## Source data
========
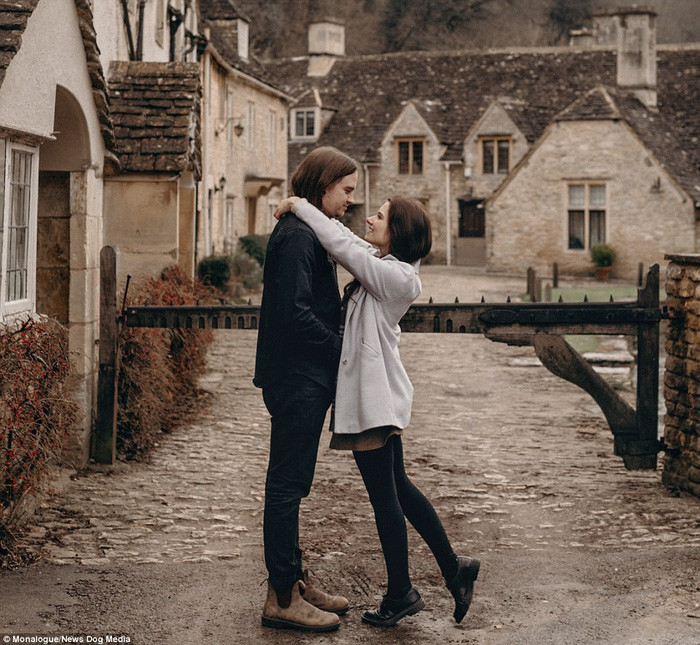 Chuyến đi trở nên ngọt ngào khi vừa ngắm cảnh, vừa chụp ảnh, vừa kiếm được tiền - Ảnh: Daily mail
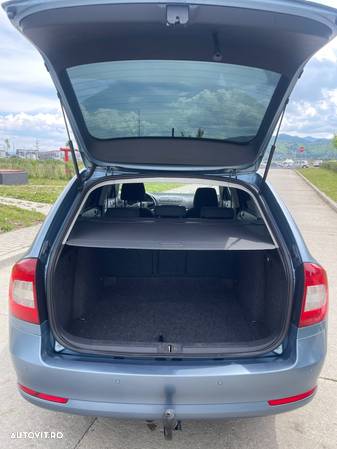 Skoda Octavia Combi 1.6 TDI DPF Elegance - 8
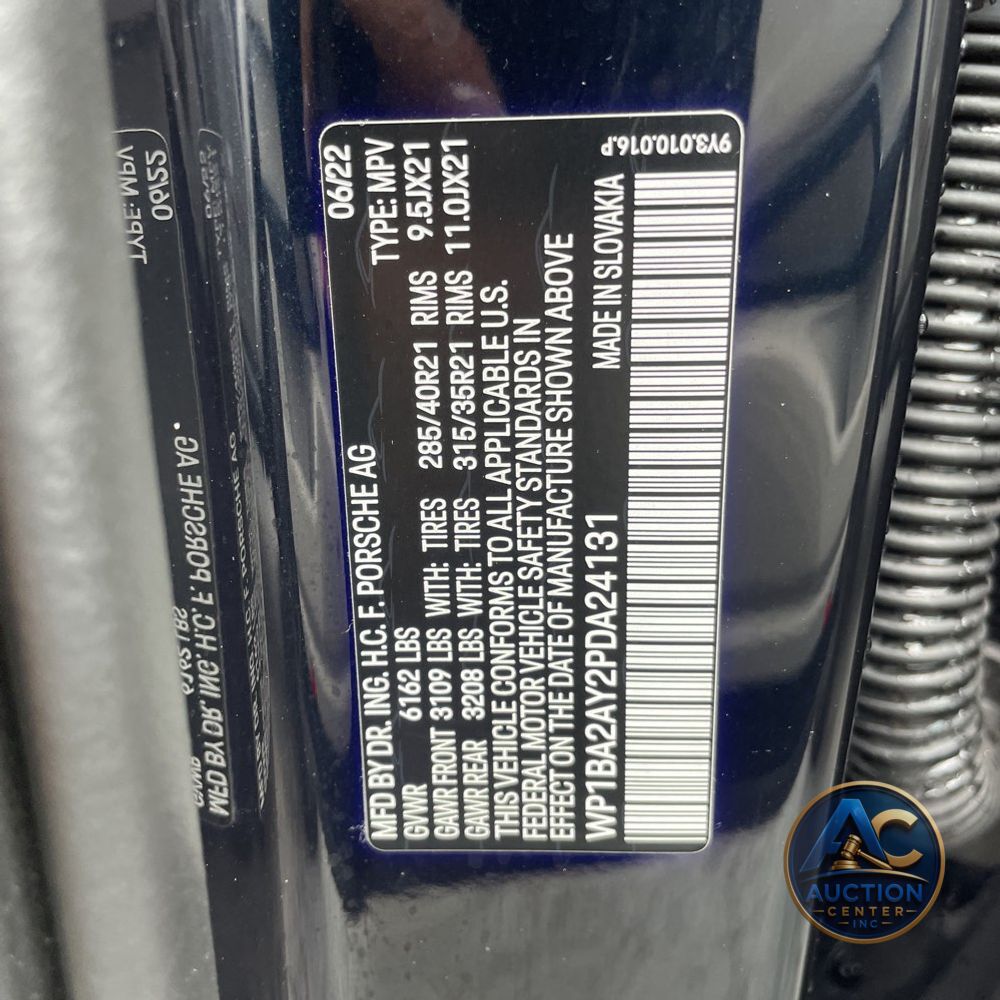 2023 Porsche Cayenne Platinum Edition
========
## Your task
Reproduce the full listing faithfully, but do not carry over any pictures.

## Problem solution
 Chuyến đi trở nên ngọt ngào khi vừa ngắm cảnh, vừa chụp ảnh, vừa kiếm được tiền - Ảnh: Daily mail
 Skoda Octavia Combi 1.6 TDI DPF Elegance - 8
 2023 Porsche Cayenne Platinum Edition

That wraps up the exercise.